Visual MODFLOW (VMOD) is a graphical interface (GUI) for the open source groundwater modeling engine MODFLOW. VMOD was developed by Waterloo Hydrogeologic and first released in 1994, the first commercially available GUI for MODFLOW. In May 2012 a .NET version of the software was rebranded as Visual MODFLOW Flex. The program includes proprietary extensions, such as MODFLOW-SURFACT, MT3DMS (mass-transport 3D multi-species) and a three-dimensional model explorer. Visual MODFLOW supports MODFLOW-2000, MODFLOW-2005, MODFLOW-NWT, MODFLOW-LGR, MODFLOW-SURFACT, and SEAWAT.

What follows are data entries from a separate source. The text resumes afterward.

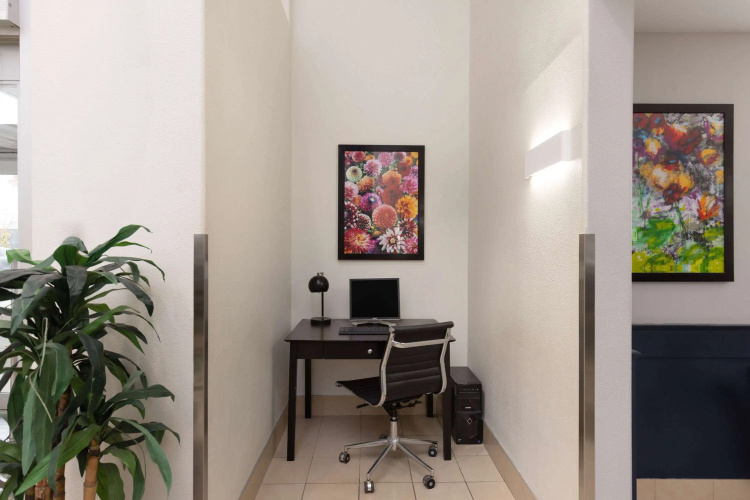 Super 8 by Wyndham St-Jerome photo 12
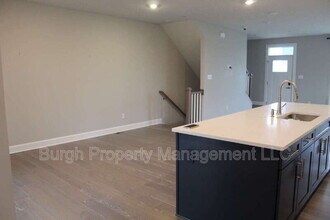 137 Marketplace Ave in Moon Township, PA - Building Photo - Building Photo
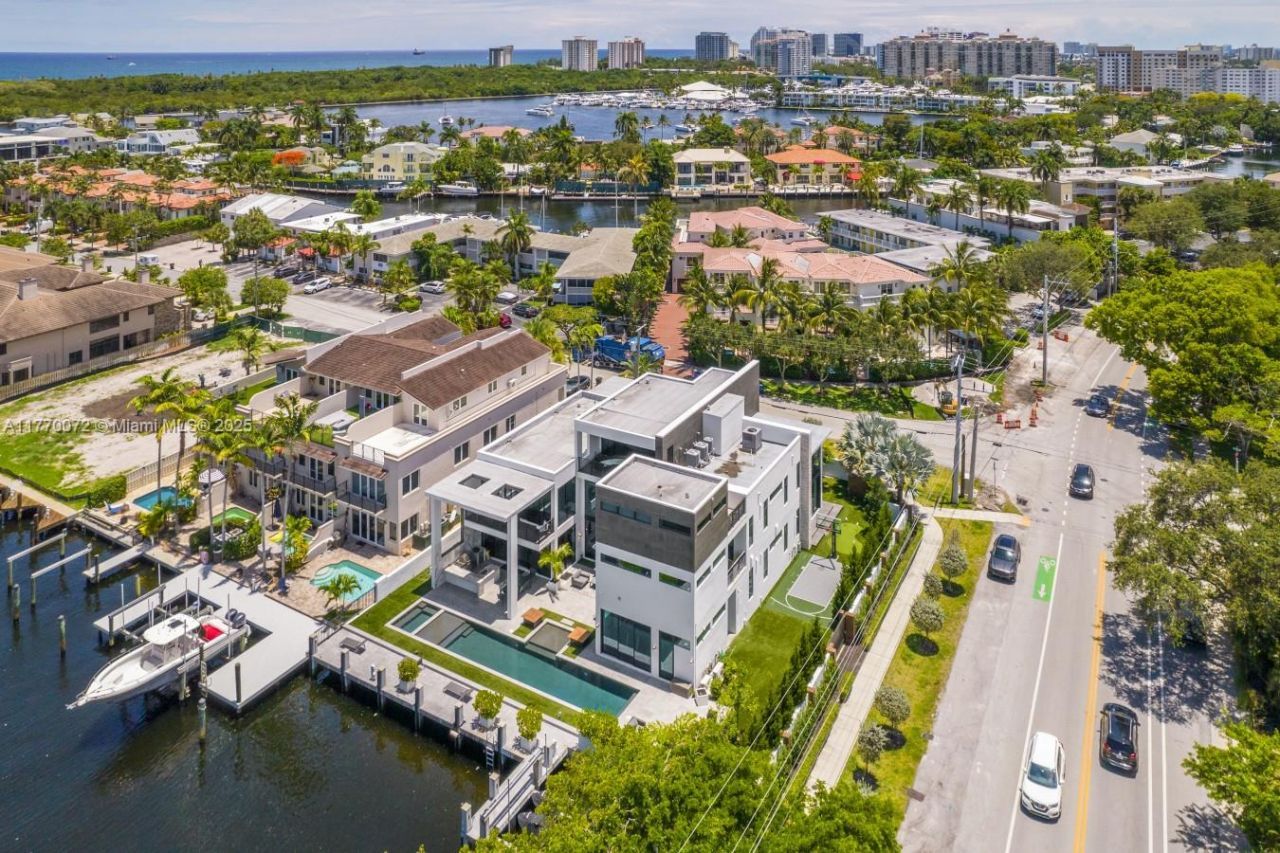 1400 Bayview Dr, Fort Lauderdale, FL 33304 Photo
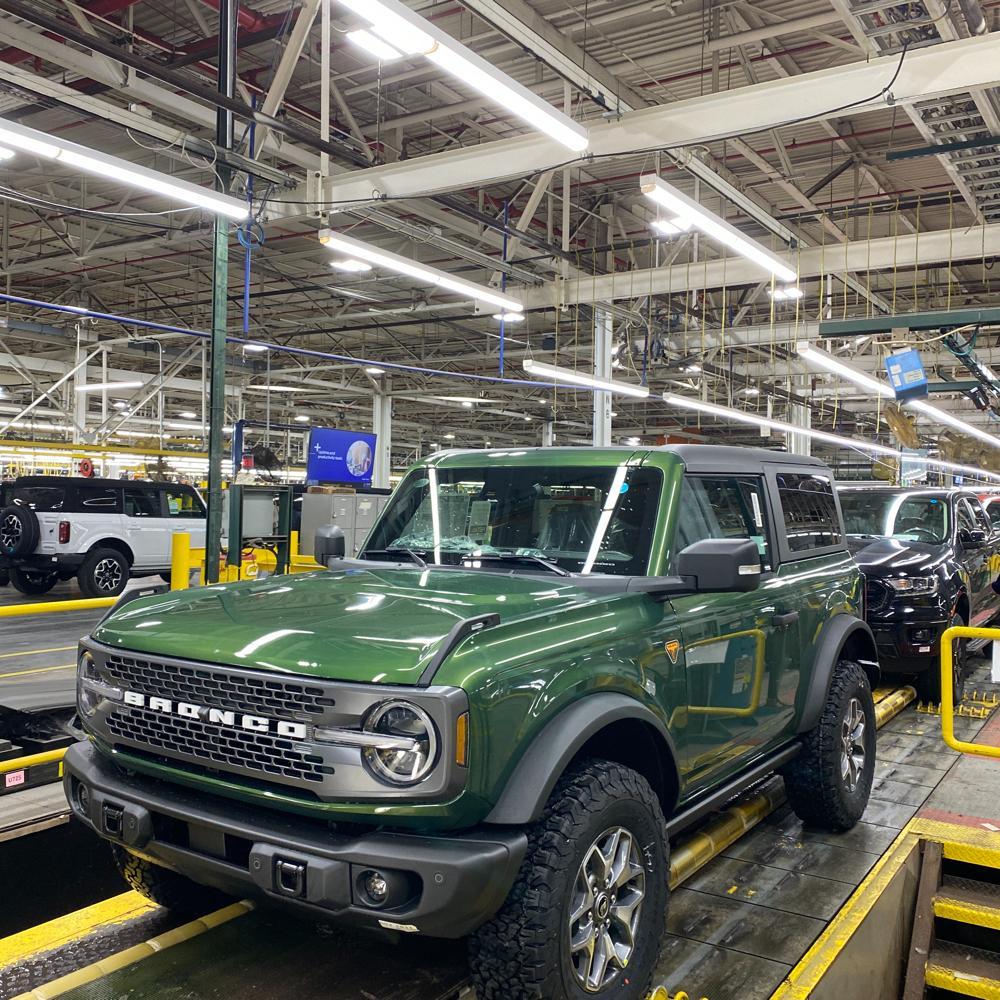 Ford Bronco 🛠 1/3/22 Build Week Group 1642604555225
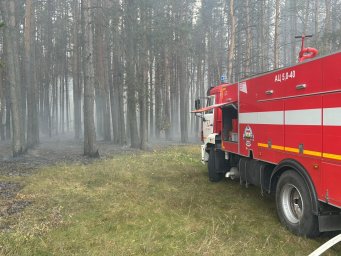 Огнеборцы ПЧ Курского района на тушении возгораний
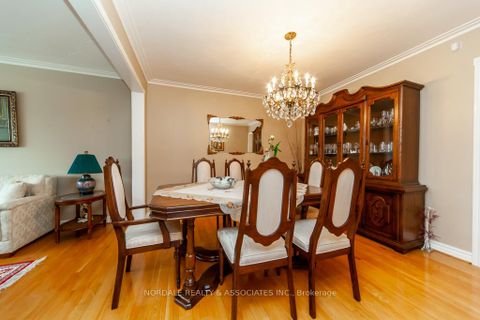 Photo 9 at 288 Hullmar Drive, Black Creek, Toronto Photo 9 at 288 Hullmar Drive, Black Creek, Toronto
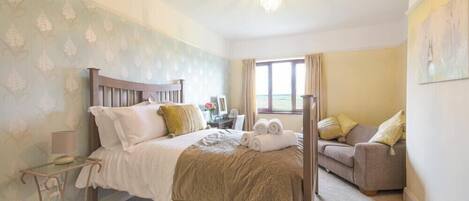 2 bedrooms, individually decorated, individually furnished, free WiFi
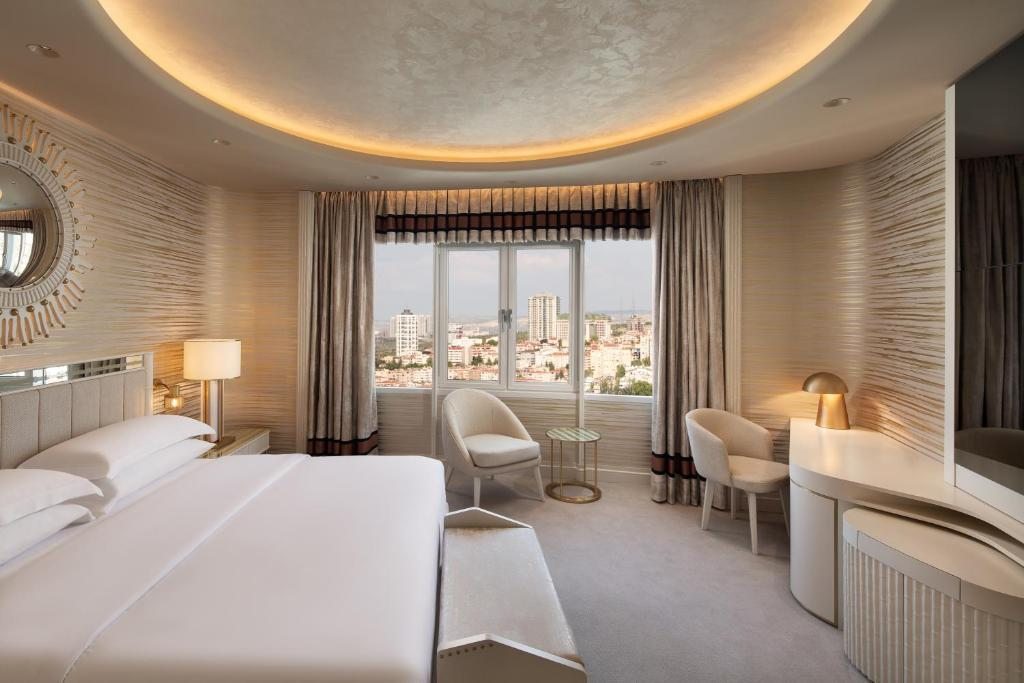 Двухместный (Номер «Премиум» с кроватью размера «king-size») отеля Sheraton Ankara Hotel & Convention Center, Анкара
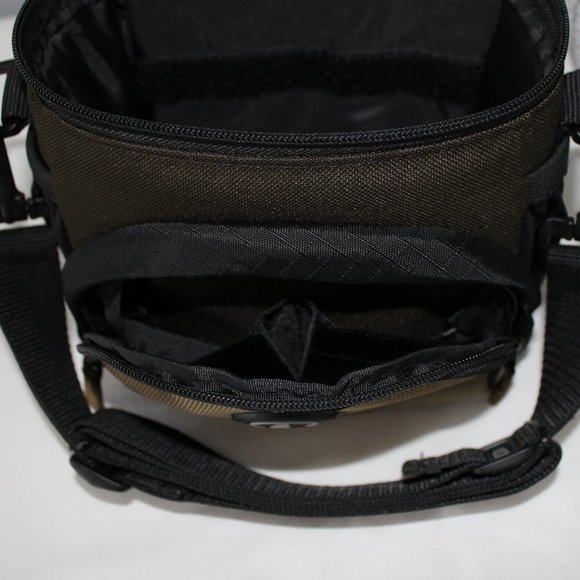 Tamrac Aero Carrying Case for Camera - Picture 8 of 12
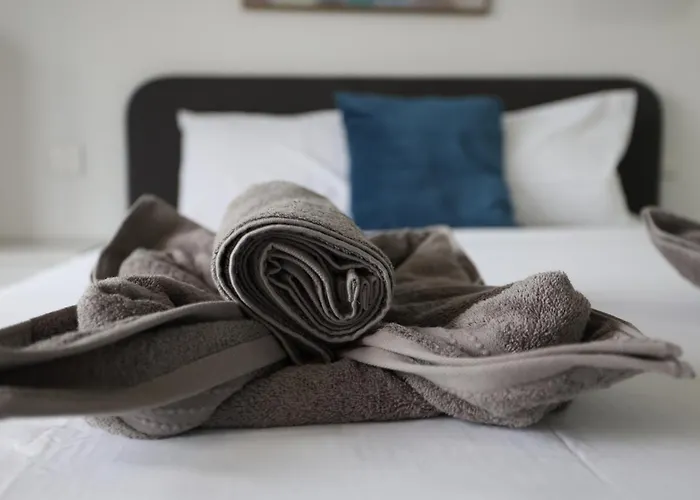 Apartment Stylish 3 Bed Partial Seaview San Ġiljan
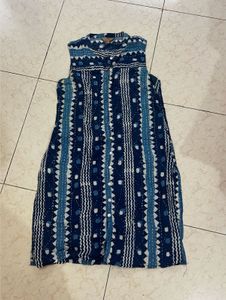 Blue Printed Sleeveless Kurta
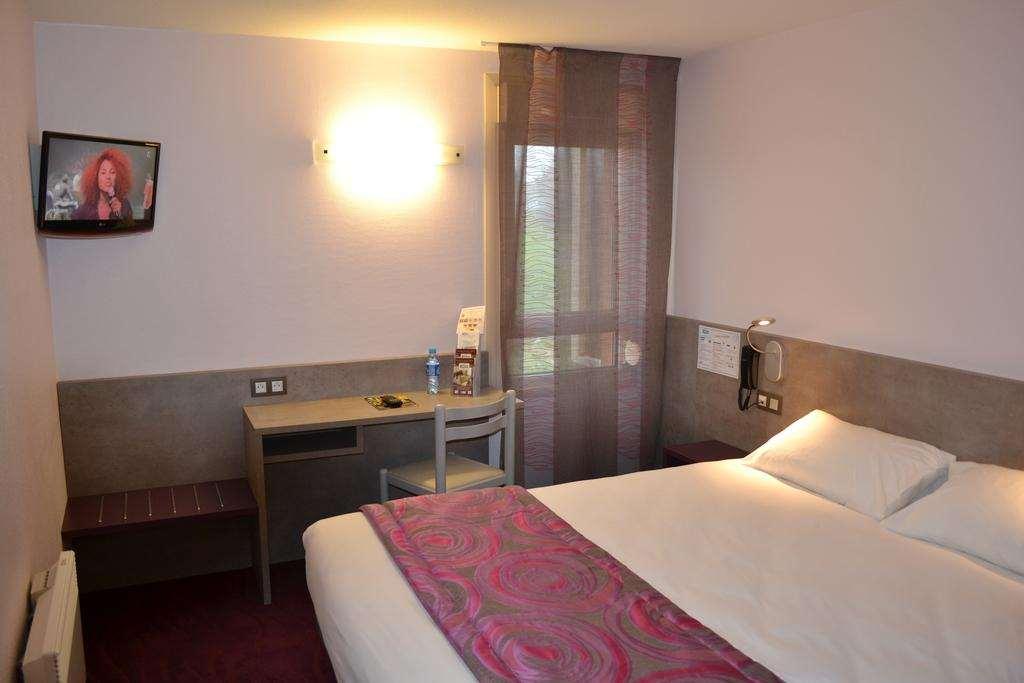 Brit Hotel Les Evens Saint-Saturnin  Pokoj fotografie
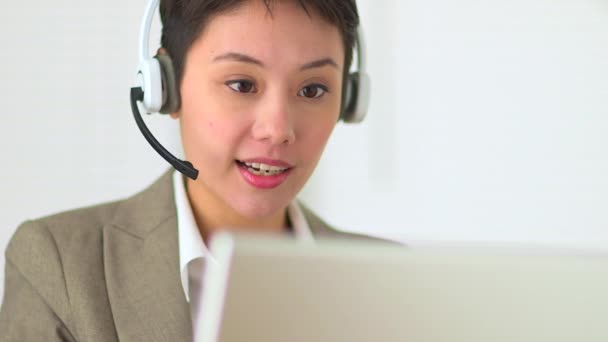 Ázsiai Ügyfélszolgálat Képviselője Headset Call Center — Stock videók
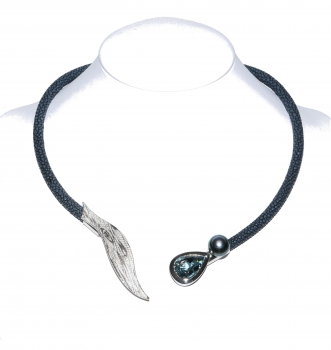 Rochenledercollier mit Topas, Tahitiperle und Silber-Palladium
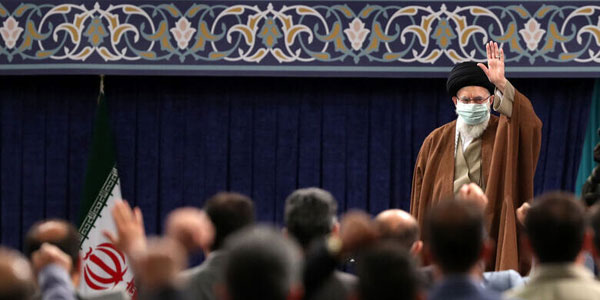 کارگران در صف مقدم مقابله با سیاست دشمن برای از کار انداختن تولید کشور ایستادند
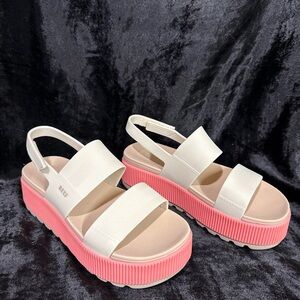 NWT REEF PLATFORM SANDALS WITH 2 1/2 Inch platform (Coral and Sand)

The software is used primarily by hydrogeologists to simulate groundwater flow and contaminant transport.

==History==
The original version of Visual MODFLOW, developed for MS-DOS by Nilson Guiguer, Thomas Franz and Bob Cleary, was released in August 1994. It was based on the USGS MODFLOW-88 and MODPATH code, and resembled the FLOWPATH program developed by Waterloo Hydrogeologic Inc. The first Windows based version was released in 1997. The main programmers were Sergei Schmakov, Alexander Liftshits, and Sean Wilson. A .NET version that included non-grid-based, graphical conceptual modelling features was released in 2012.

On January 10, 2005, Waterloo Hydrogeologic was acquired by Schlumberger's Water Services Technology Group.

On May 1, 2012, Waterloo Hydrogeologic released Visual MODFLOW Flex.

On March 13, 2015, Waterloo Hydrogeologic was acquired by Nova Metrix.